Because the Algorand protocol uses pure proof-of-stake to randomly select a small set of block proposers and verifiers, users only need to receive a fixed number of messages in order to reach consensus on the next block. This is in contrast with previous Byzantine Agreement protocols, which either require every user to receive a message from all other users, or rely on ad-hoc chains of trust.
Unlike proof-of-work protocols like Bitcoin, Algorand’s consensus protocol does not require participants to solve cryptographic puzzles in order to propose or validate blocks. In Bitcoin, this computation is simply wasted work, and if more computational power is directed toward mining, the underlying puzzles must be made more difficult to maintain the desired block generation rate, thus increasing computational waste without improving the performance of the blockchain.

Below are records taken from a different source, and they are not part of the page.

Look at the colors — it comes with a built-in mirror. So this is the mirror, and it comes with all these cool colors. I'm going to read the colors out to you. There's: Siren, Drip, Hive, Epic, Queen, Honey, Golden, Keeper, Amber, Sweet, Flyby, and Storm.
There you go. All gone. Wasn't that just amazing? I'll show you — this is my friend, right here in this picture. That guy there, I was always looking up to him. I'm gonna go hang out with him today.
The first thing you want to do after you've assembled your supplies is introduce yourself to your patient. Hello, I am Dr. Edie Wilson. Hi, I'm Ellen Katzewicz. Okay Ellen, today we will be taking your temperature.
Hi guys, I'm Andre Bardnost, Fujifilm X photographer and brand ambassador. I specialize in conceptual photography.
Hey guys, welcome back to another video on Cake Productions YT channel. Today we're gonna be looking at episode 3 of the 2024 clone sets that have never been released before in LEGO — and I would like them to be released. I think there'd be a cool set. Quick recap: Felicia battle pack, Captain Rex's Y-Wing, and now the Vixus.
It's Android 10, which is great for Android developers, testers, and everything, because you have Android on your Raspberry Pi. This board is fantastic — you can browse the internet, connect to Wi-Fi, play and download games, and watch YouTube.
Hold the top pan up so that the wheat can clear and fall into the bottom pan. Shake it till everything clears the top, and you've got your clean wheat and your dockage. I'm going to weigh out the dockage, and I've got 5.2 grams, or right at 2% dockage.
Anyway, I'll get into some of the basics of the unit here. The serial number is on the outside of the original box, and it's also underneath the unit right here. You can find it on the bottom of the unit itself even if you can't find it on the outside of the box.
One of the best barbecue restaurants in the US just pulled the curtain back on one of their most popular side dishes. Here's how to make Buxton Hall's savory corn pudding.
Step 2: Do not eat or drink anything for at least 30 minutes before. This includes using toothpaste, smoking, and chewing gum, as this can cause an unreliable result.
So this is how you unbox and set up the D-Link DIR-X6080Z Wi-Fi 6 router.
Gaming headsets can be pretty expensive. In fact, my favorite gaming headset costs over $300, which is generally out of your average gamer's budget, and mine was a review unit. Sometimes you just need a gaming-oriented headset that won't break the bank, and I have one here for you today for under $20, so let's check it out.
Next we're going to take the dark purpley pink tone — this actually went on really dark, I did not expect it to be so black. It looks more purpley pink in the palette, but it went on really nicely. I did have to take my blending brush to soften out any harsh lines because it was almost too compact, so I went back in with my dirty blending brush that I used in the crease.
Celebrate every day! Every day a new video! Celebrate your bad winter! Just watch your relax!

In contrast, in the Algorand protocol, the computation cost a single user faces only involves generating and verifying signatures and simple counting operations. The cost depends only on the number of selected users for each block, which is constant and not affected by the size of the whole network. If computation ever becomes a bottleneck for a user, then increasing the computational power will directly improve performance.
As a result, Algorand’s consensus protocol is able to scale to millions of users and sustain a high transaction rate, without incurring significant cost to participating users. Consensus on a block is reached in parallel while the block is being propagated to the network, which typically happens in a few seconds.